The application layer provides interfaces to the software to allow it to use the network. Examples of software include email, file transfer protocol (FTP) and the World Wide Web (WWW).

Question 35

Ethernet protocol

Answer 35

At the data link layer, Ethernet Protocols describe how network devices can format data for transmission using frames and packets. Ethernet protocols are also used to define standards for types of network cabling used at the physical layer, and the corresponding transmission speeds.

Question 36

Wi-fi protocol

Answer 36

Wi-Fi is a term used for certain types of wireless networks that use 802.11 wireless protocols for transmitting data using electromagnetic waves in place of cables. 802.11 wireless networks use security protocols, such as Wi-Fi Protected Access (WPA), to provide a level of security and privacy similar to that found on a wired network. Bluetooth is another example of a Wi-Fi protocol and WAPs (Wireless Application Protocols) are protocols to standardise the way wireless devices can be used for internet access.

Question 37

Email protocols

Answer 37

To use email, you must have an email client on your computer that has access to a mail server. Your Internet Service Provider (ISP) will often provide this server. The mail client and the mail server exchange information with each other using email protocols to transmit information.

Question 38

Imap protocol

Answer 38

IMAP is an email protocol that stores email messages on a mail server. It stands for Internet Messaging Access Protocol. It allows the email user to read and handle email messages as though they were stored locally on their own computer.

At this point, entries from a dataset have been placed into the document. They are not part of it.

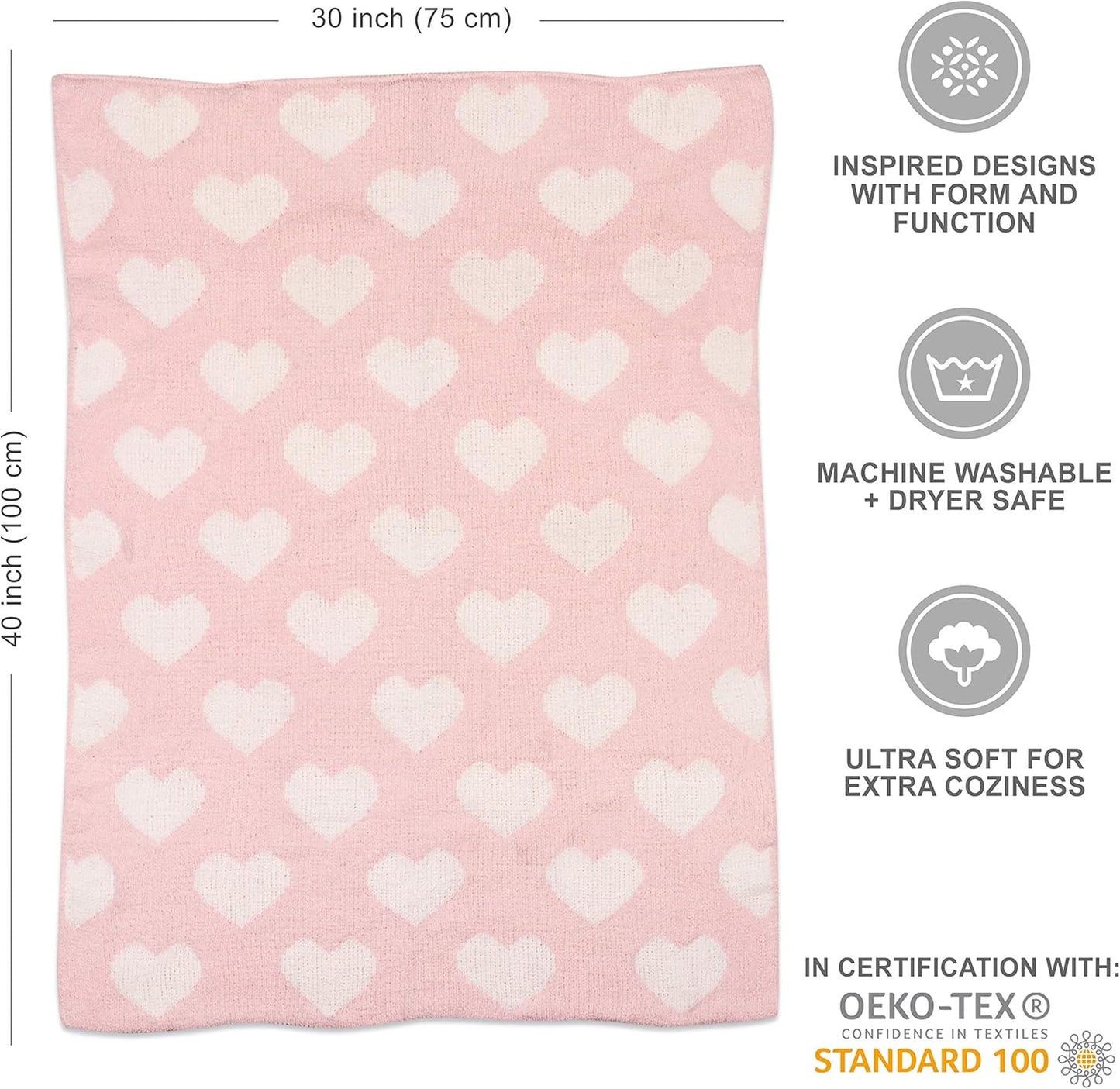Living Textiles Pink Hearts Chenille Soft Baby Blanket Reversible Premium Cozy Fabric for Best Comfort - for Infant,Toddler,Newborn,Nursery,Girl,Throw,Crib,Stroller,Gift, Pink Hearts 40x30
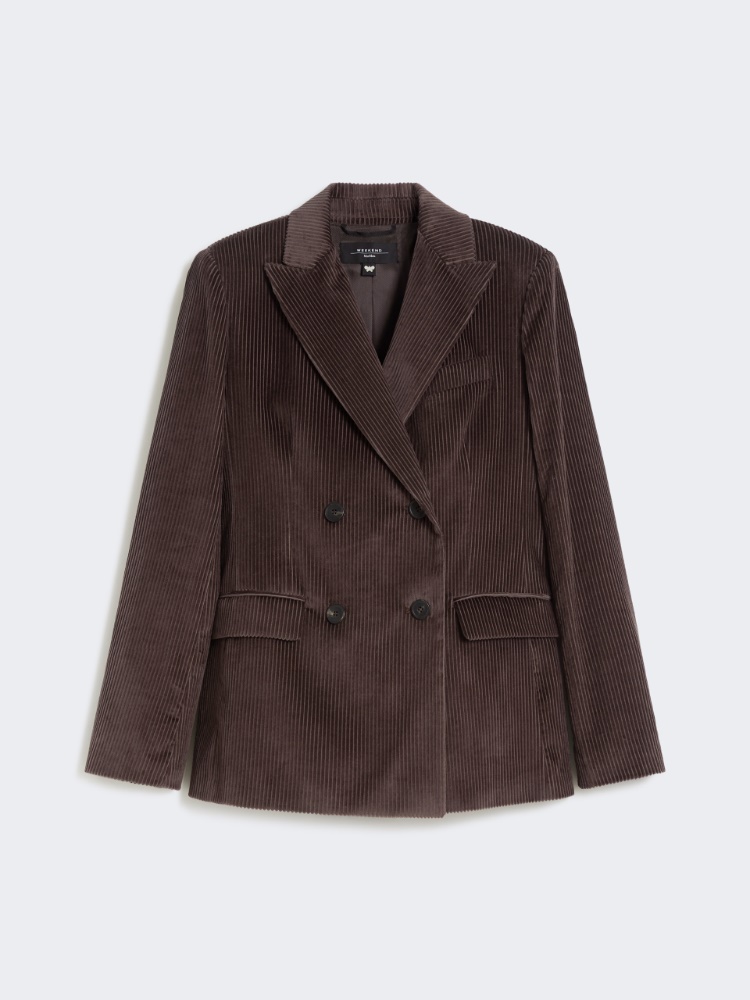 Blazer doppiopetto in velluto - CIOCCOLATO - Weekend - 6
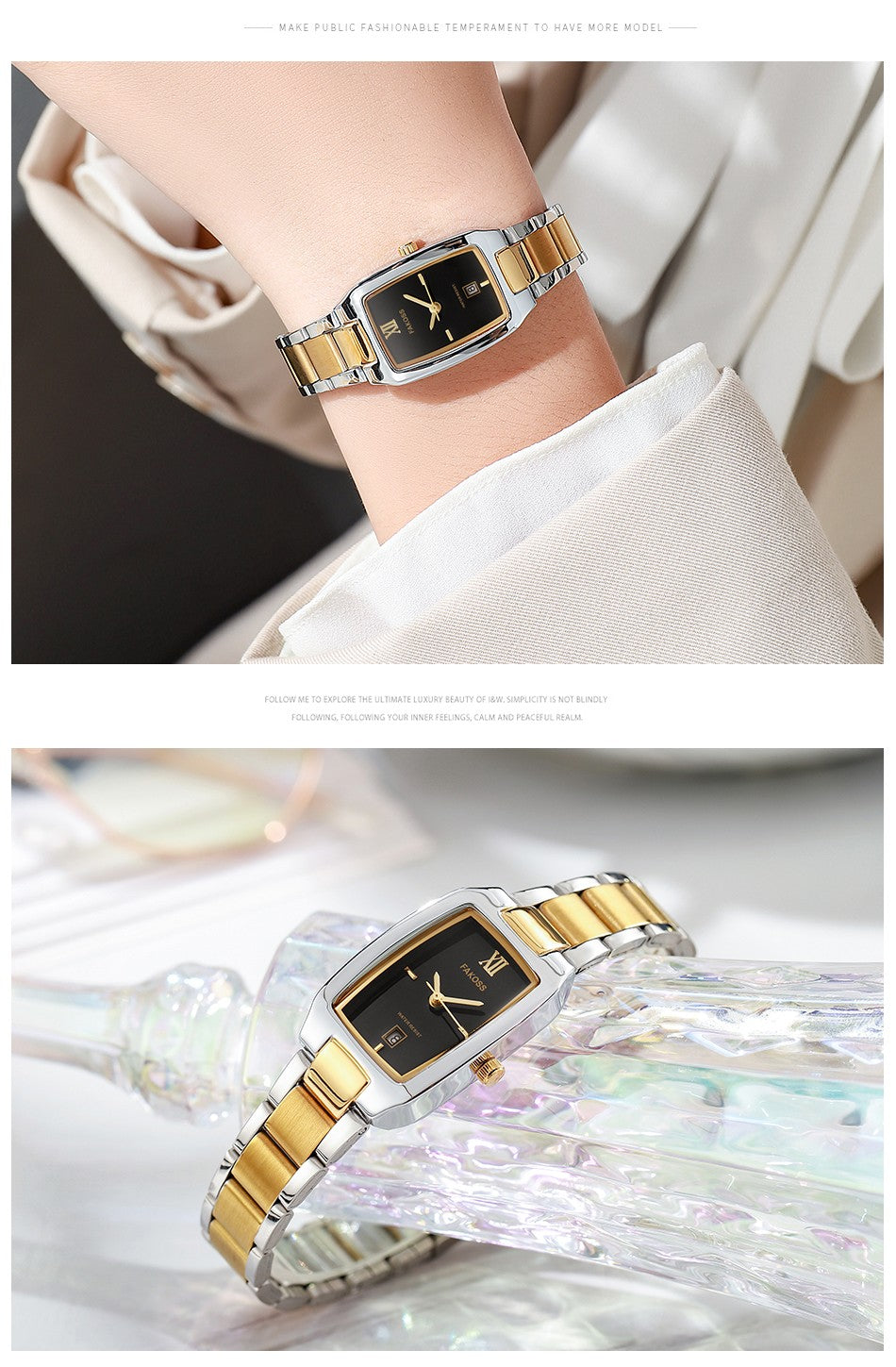 WWOOR Elegant Women's Watch Fashion Stainless Steel Waterproof Ladies Quartz Wristwatch Luxury Bracelet Watches Date Reloj mujer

The user can manage their email with facilities such as the ability to create folders to organise their messages, store draft messages in the server and delete unwanted messages.

Question 39

Pop3 protocol

Answer 39

Post Office Protocol 3 (POP3) is the third version of a protocol for receiving email. POP3 receives email for a client and stores it in a single file on the mail server. When the email client logs onto the mail server, the email is transfered to the user’s computer. There are no copies of the email stored permanently on the server after it’s been downloaded.

Question 40

SMTP

Answer 40

The Simple Mail Transfer Protocol (SMTP) is used to deliver email from the sender to an email server, or when email is delivered from one email server to another. SMTP can only be used to send emails, but not receive them.